Opera Philadelphia’s next composer-in-residence is a musical polymath whose work bridges a wide range of influences and genres.


Tyshawn Sorey — a percussionist, pianist, conductor, trombonist, composer, and 2017 MacArthur Fellow — will spend the next year or two immersing himself in the elements of a genre new to him. Sorey grew up in Newark, N.J., and is a professor at Wesleyan University.

Although he has never written an opera, his appointment grew out of Cycles of My Being, a set of emotionally complex songs he composed for Opera Philadelphia exploring the African American male experience.
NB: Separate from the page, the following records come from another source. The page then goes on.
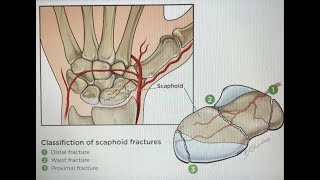 Anatomical basis of Avascular Necrosis of Scaphoid Bone Preisers Disease [upl. by Ydneh]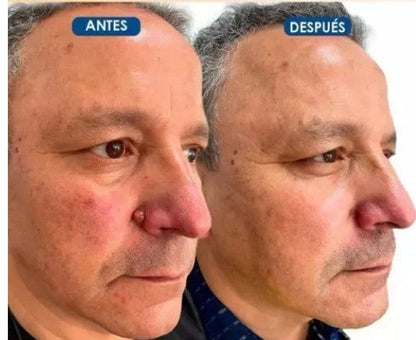 Parches™ - Elimina verrugas sin dolor y seguro + ENVIO GRATIS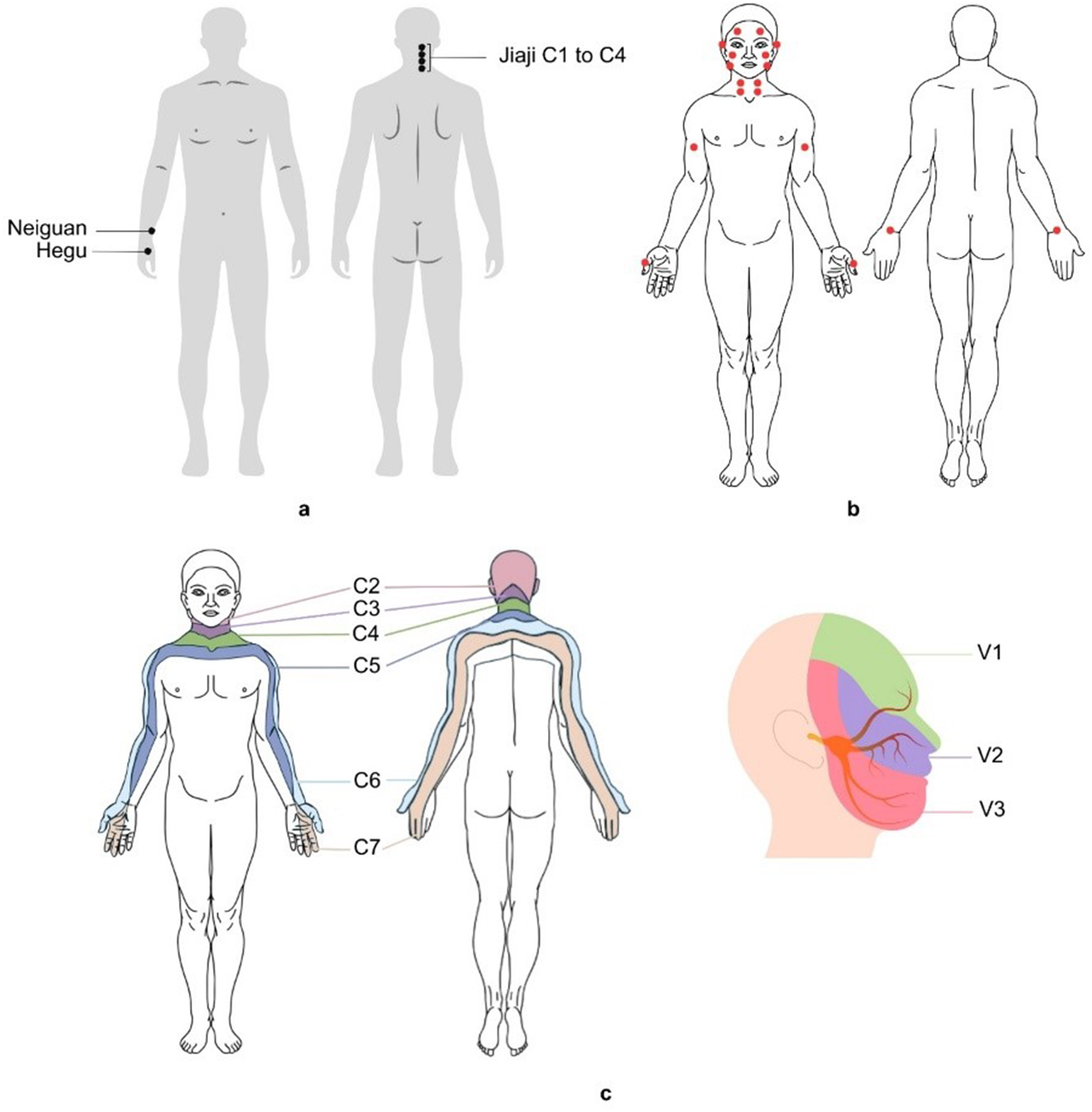 Enhanced pain threshold with the addition of neiguan and Hegu to cervical Jiaji electroacupuncture: a pre-post study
It premiered at the Kimmel Center in 2018.

“The collaboration with Opera Philadelphia gave me the courage to pursue this,” Sorey said. “When we finished the song cycle, it became apparent that we should collaborate further on bigger things.”
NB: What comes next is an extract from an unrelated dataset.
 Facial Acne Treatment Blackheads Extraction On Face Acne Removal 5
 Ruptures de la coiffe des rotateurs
The residency begins this week and runs for one year with an option for a second. After that, the company hopes the residency will lead to the commissioning of a work from Sorey, says Opera Philadelphia general director and president David B. Devan.

Sorey’s residency this season is funded by the final year of a three-year grant from the Andrew W. Mellon Foundation.

Until now, Opera Philadelphia’s composer-in-residence program was open to anyone who wanted to apply. Starting with Sorey, recipients will be chosen by the artistic team at Opera Philadelphia.

The opera company is laying the groundwork for funding from foundations and individuals for the second year of the new composer-in-residence program, says Devan, and is waiting to advance those conversations until it has more detail on what form Sorey’s residency will take.

“We have patrons who are deeply connected to certain artists’ work, and people who came in as donors who had no experience with Opera Philadelphia but were there because there was an artist they cared about,” Devan said.

Sorey, 39, based in New Haven, Conn., is an assistant professor of music and African American studies at Wesleyan. He has an undergraduate degree from William Paterson University, a master’s from Wesleyan, and a doctorate from Columbia University.

As a composer and performer, he embraces an unusually large set of influences, including Eastern music, Western classical music, improvisation, and atonality, according to his MacArthur Foundation biographical sketch.